> [Raw data]:

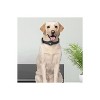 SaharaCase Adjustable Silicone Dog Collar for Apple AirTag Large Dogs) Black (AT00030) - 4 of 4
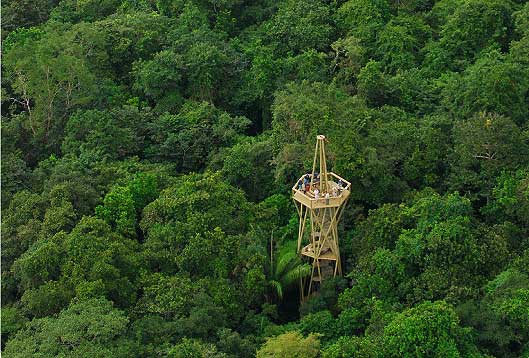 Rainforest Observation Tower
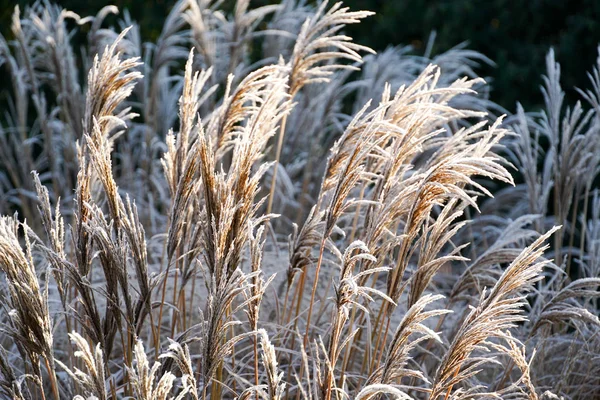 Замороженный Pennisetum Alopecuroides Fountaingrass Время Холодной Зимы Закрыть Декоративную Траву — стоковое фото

> [What the task requires]:
All lines from the one holding "Rainforest Observation Tower" to the end of the listing above need to be duplicated exactly. None of the pictures should be included.

> [Solution to the problem]:
 Rainforest Observation Tower
 Замороженный Pennisetum Alopecuroides Fountaingrass Время Холодной Зимы Закрыть Декоративную Траву — стоковое фото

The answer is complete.